Computational Statistics & Probability
Problem Set 2 - Linear Models
Due: 23:59:59 22.nov.2023
Fall 2023
Instructions
Assignments must be submitted through Canvas. See the course Canvas page for policies covering collaboration,
acceptable file formats (.Rmd & .pdf), and late submissions. Completed assignments must include executable
code (.Rmd) and a corresponding knitted markdown file (.pdf). An R Markdown cheat sheet is available.
1. Multiple Regression & Causal Models
Return to the Howell1 dataset and consider the causal relationship between age and weight in children.
Let’s define a child as anyone younger than 13 and assume that age influences weight directly and through
age-related physical changes that occur during development. Each child’s height will serve as a measured
proxy for these unmeasured physical attributes. We summarize this causal background knowledge by the
following DAG:
A
H
W
where A, H and W represent random variables age, height, and weight, respectively.
a) What is the total causal effect of year-by-year growth of !Kung children on their weight? To answer this
question, construct a linear regression (m1a) to estimate the total causal effect of each year of growth on a
!Kung child’s weight. Assume that average birth weight is 3.5kg. Use prior predictive simulation to assess
the implications of your priors.
b) What is the total causal effect of height on weight? Construct a linear regression (m1b) to estimate the
total causal effect height on a !Kung child’s weight.
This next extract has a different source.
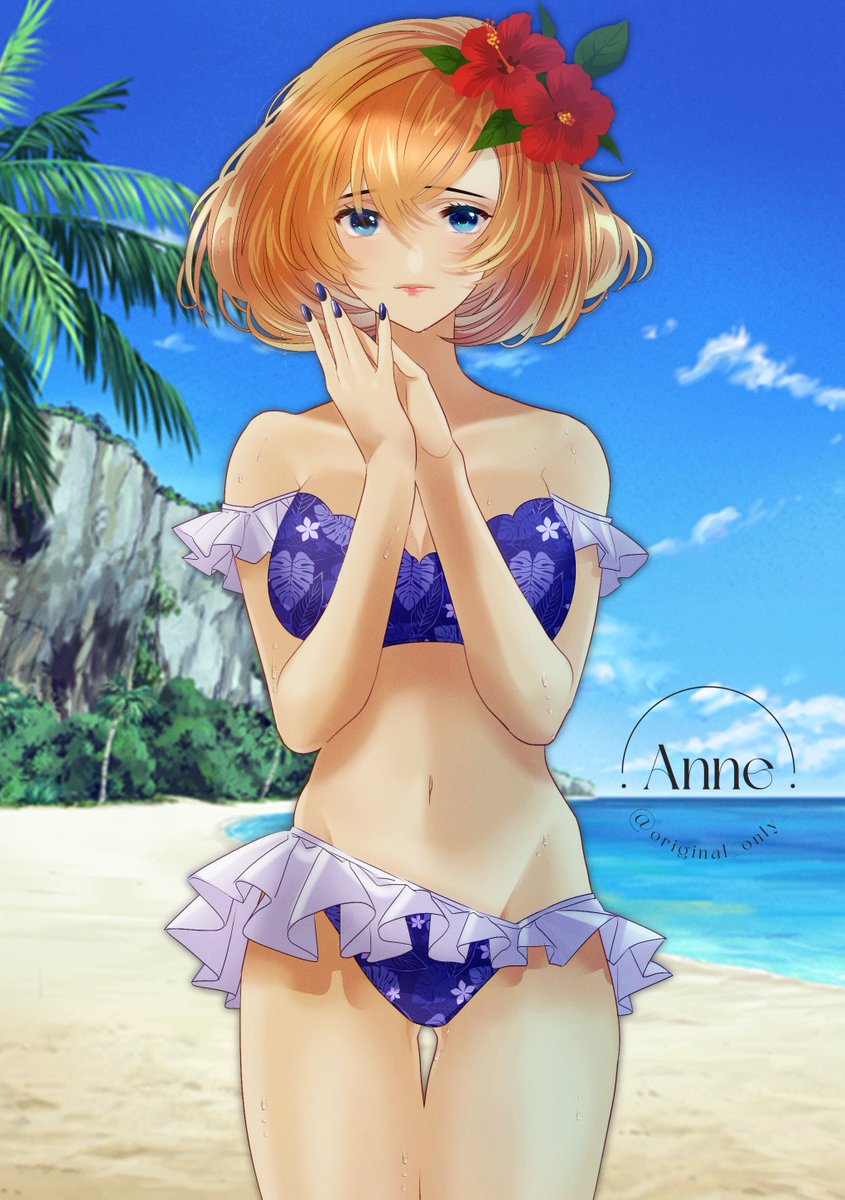 「7/5はビキニの日ということで #ビキニの日 #ビキニスタイルの日」|杏@7/12 OC立ち絵🐈‍⬛のイラスト
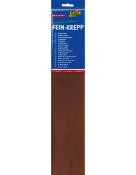 FOLIA Fein-Krepp 50 x 250 cm kastanienbraun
Use prior predictive simulation to assess the implication
of your priors.
c) After knowing the age of a !Kung child, what additional value is there in also knowing the child’s height?
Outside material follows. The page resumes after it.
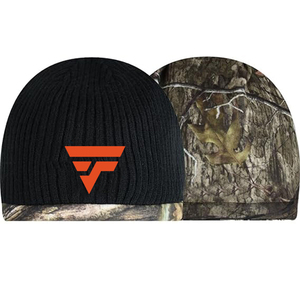 Brown Hunting Skull Hat Acrylic Camo <b>Cap</b> Warm Winter Headwear for Outdoor Sports Fishing Camping <b>Hiking</b> Comfortable Stretch Fit - Product Image 5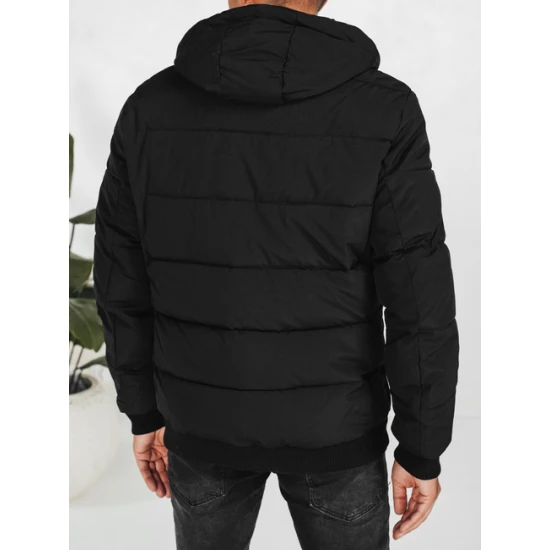 Vyriška juoda žieminė striukė Tamil Žieminės striukės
Conversely, after knowing the height of a !Kung child, what additional value is there in also knowing the
child’s age?
2. Causal Influence with Categorical Variables
The causal relationship between age and weight might be different for girls and boys.
a) To investigate whether this is so, construct a single linear regression (m2) with a categorical variable for
sex to estimate the total causal effect of age on weight separately for !Kung boys and girls. Plot your data
and overlay the two regression lines, one for girls and one for boys.
1
Hint: You should onstruct an index variable S for sex and change the coding for d.male from {0,1} to {1,
2}. This can be done succinctly with the line S=d$male+1.
b) Does the causal relationship between age and weight differ for !Kung girls and boys? Provide one or more
posterior contrast plots as a summary and explain your answer.
# HINT: the following code can be used to make a posterior contrast plot
# contrast at each age, vector
seq <- 0:12
mu1 <- sim(m2,data=list(A=seq,S=rep(1,13))) # girls
mu2 <- sim(m2,data=list(A=seq,S=rep(2,13))) # boys
mu_contrast <- mu1
for ( i in 1:13 ) mu_contrast[,i] <- mu2[,i] - mu1[,i]
plot( NULL , xlim=c(0,13) , ylim=c(-15,15) , xlab="age" ,
main = "posterior contrast plot",
ylab="weight difference (boys-girls)" )
for ( p in c(0.5,0.67,0.89,0.99) ) # credibility intervals
shade( apply(mu_contrast,2,PI,prob=p) , seq )
abline(h=0,lty=2,lwd=2)
2